A link to the profile and measurements of the spillway/chute and gates would be greatly appreciated. There was a lot of discussion on metebunk and I really don’t have the time to go through it again now.
If one of you hydraulic engineers would like to step in, have at it.

Reply to  eyesonu
August 20, 2017 6:11 am

eyesonu August 18, 2017 at 11:31 am
Quick note for any who may not grasp a quick pressure calculation on H2O pressure at depth. The pressure on the water at the bottom of the spillway gate with a 50′ pond/pool level above would be 3,120 lbs/sq ft. (over three thousand lbs. per sq. foot). The water would come out of the open gates quite forcefully and fast.

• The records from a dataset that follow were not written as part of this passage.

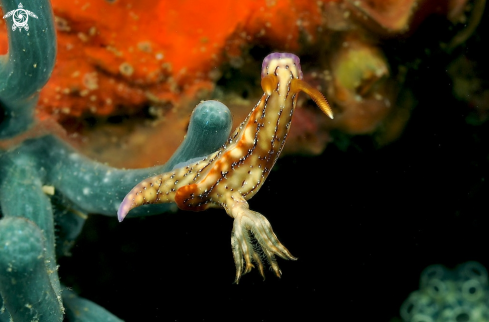 A Hypselodoris krakatoa | Nudibranch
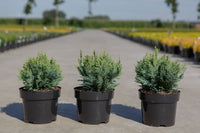 Chamaecyparis lawsoniana 'White Spot'
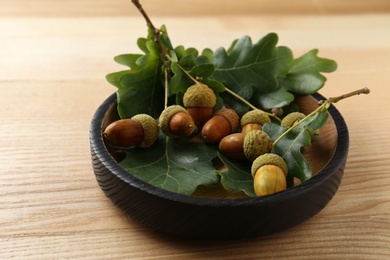 Photo of Acorns and oak leaves on wooden table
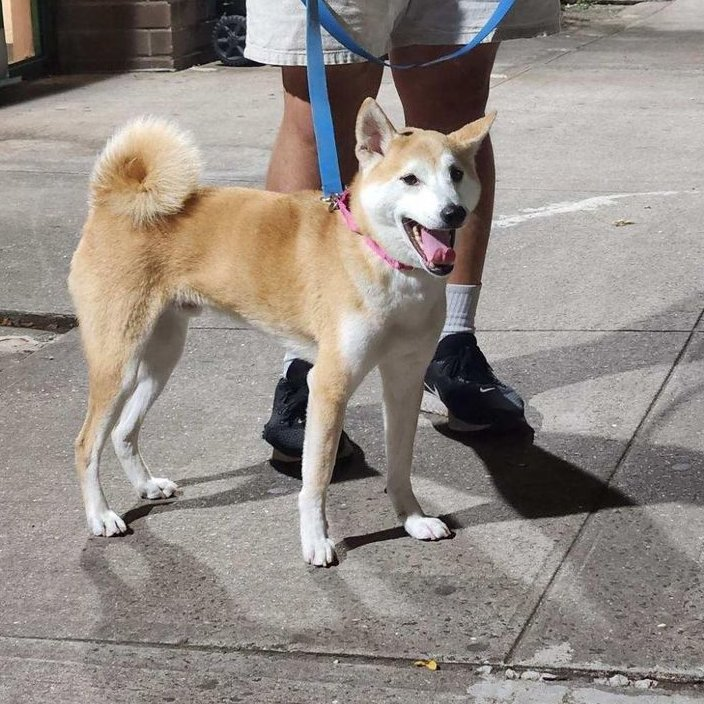 Keith Olbermann's Dogs tweet media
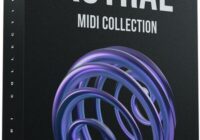 Cymatics Astral MIDI Collection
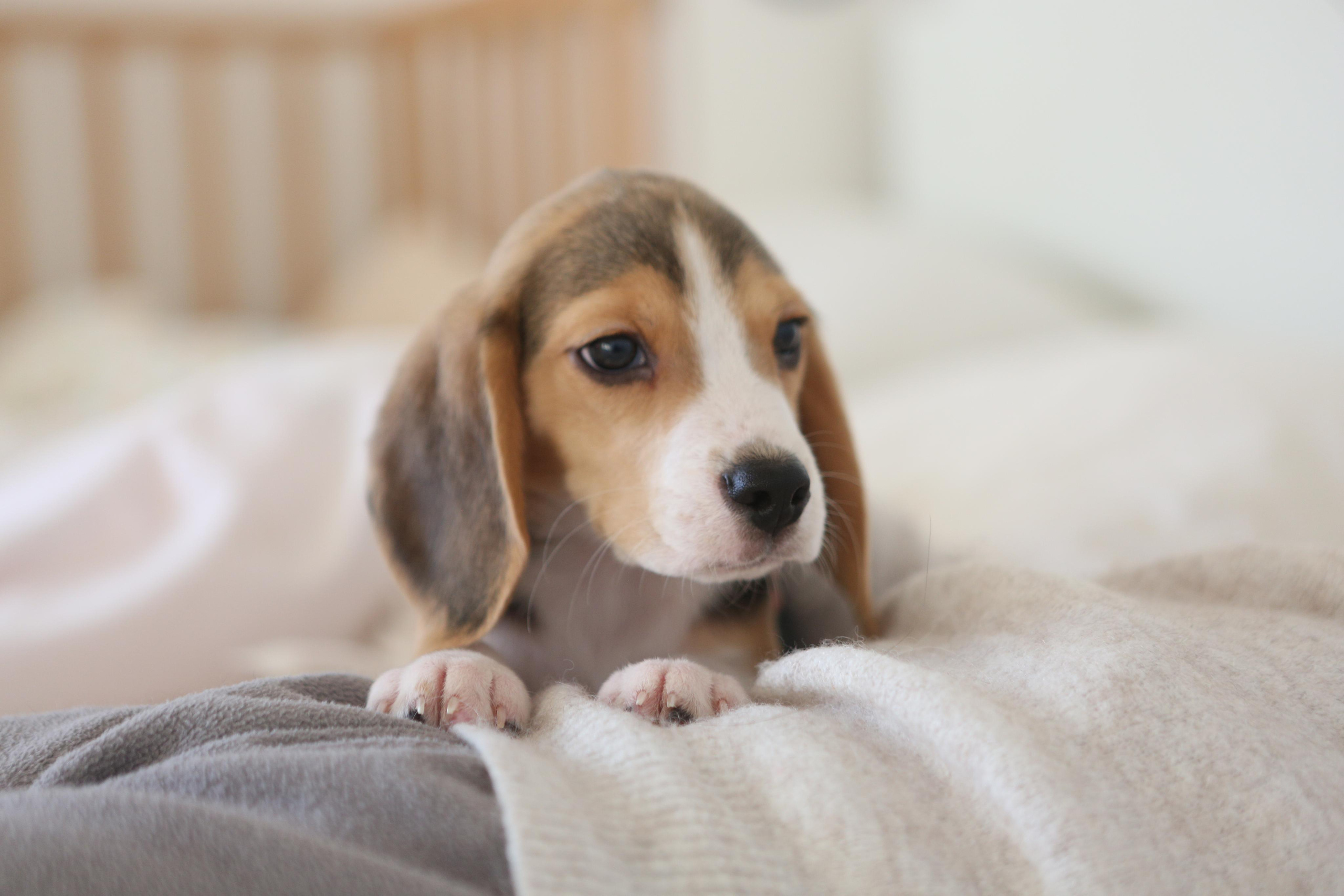 Krepish + Karamel. Питомник биглей Selesta’s Dreams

As I showed above the dam operators were attempting to maintain a water level of 850′ (as their licensing conditions require them to in order to maintain the flood control reserve). Since the floor of the spillway is at 814′ that gives a depth of 36′ or about a pressure of 15psi (less than the water pressure in the faucet in your house).
The velocity is given by:
v=sqrt(2.g.depth)
Using metric units v= sort(2×9.8×10) = 14m/sec
Increasing to the hypothetical 50′ above the spillway would only increase the velocity to ~18m/sec.

Reply to  Phil.
August 21, 2017 11:09 am

If anyone wants to find what the spillway actually looks like they can find detailed specs in:
https://ia800302.us.archive.org/3/items/zh9californiastatew2003calirich/zh9californiastatew2003calirich_bw.pdf
pp63, hint it’s nothing like a ski jump!

Reply to  Phil.
August 21, 2017 11:24 am

Nice shot of the inlet at 6.16 in

Reply to  eyesonu
August 19, 2017 8:45 pm

Those photos are not of anything resembling a ski jump, eyesonu. Ski jumps are concave-upward. Those photos show a section of the spill way which is concave-downward.
Here’s what a ski jump looks like (with an ISIS skier at the 2014 Sochi Winter Olympics) :
http://robrogers.com/wp-content/uploads/2014/01/010214_Ski_Jump.jpg

eyesonu
August 20, 2017 8:21 am

Dave, you just need to attach the concave-downward slope of the spillway as shown in the photos and you got a winner!